Information shown -
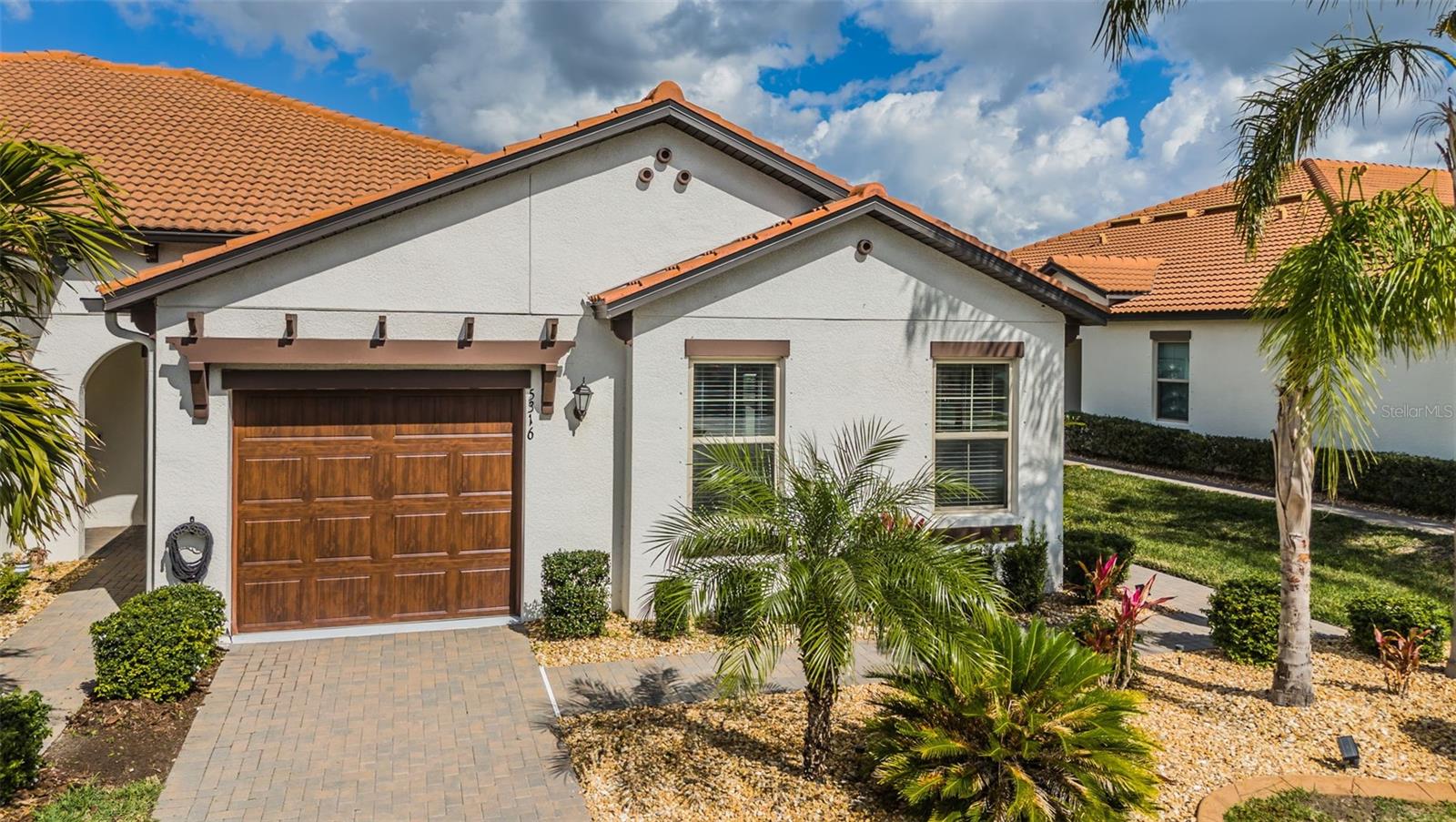 5316 STOIC VALE DRIVE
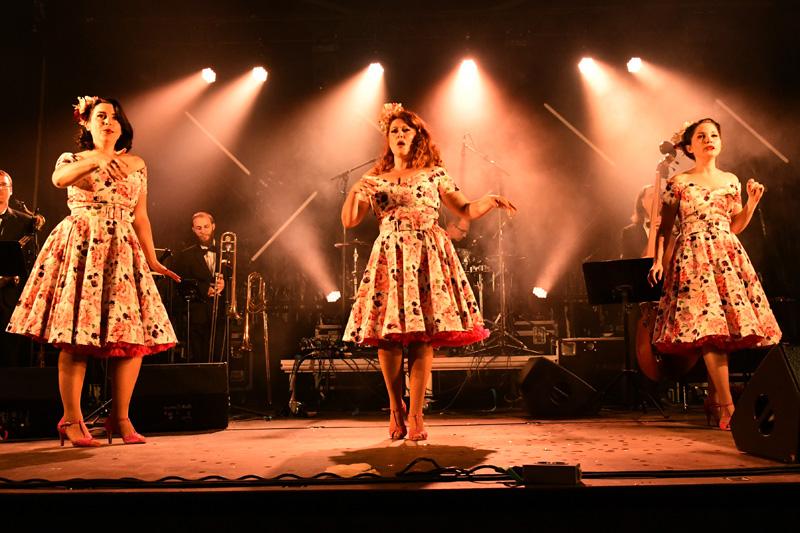 min 2024 06 08 Isigny concerts 142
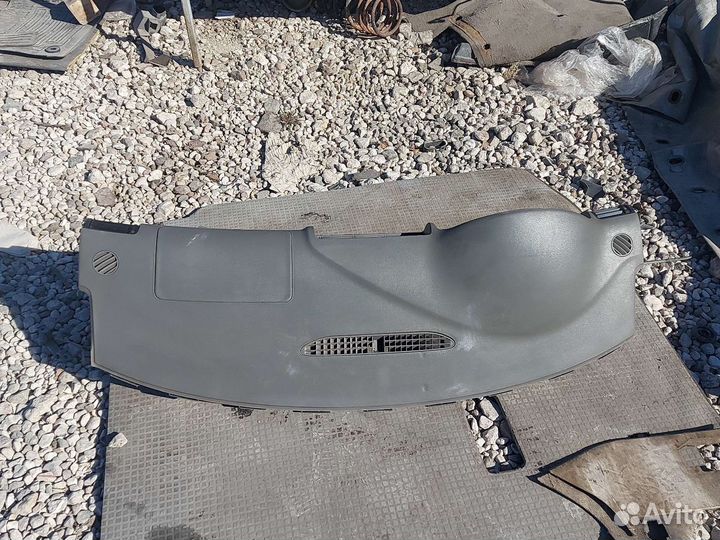 Торпедо Ауди А4б5 A4B5 8D0857069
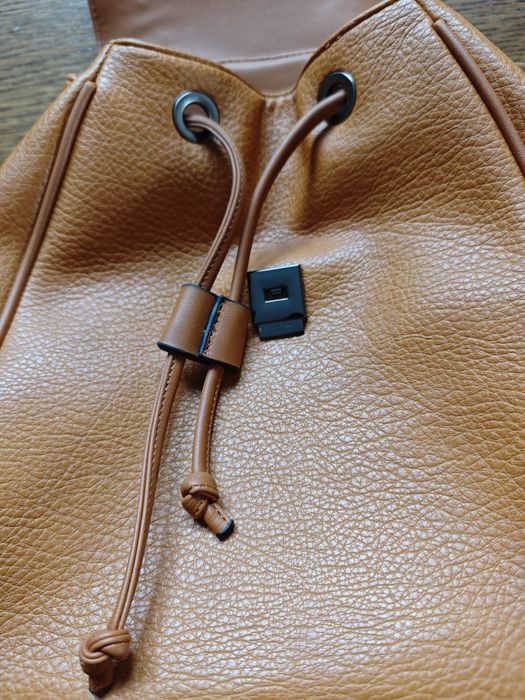 Дамска чанта Pierre Cardin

Description of the task - Beginning at the line containing "min 2024 06 08 Isigny concerts 142", restate every line through the end of the material above exactly; omit the pictures.

Reply -
 min 2024 06 08 Isigny concerts 142
 Торпедо Ауди А4б5 A4B5 8D0857069
 Дамска чанта Pierre Cardin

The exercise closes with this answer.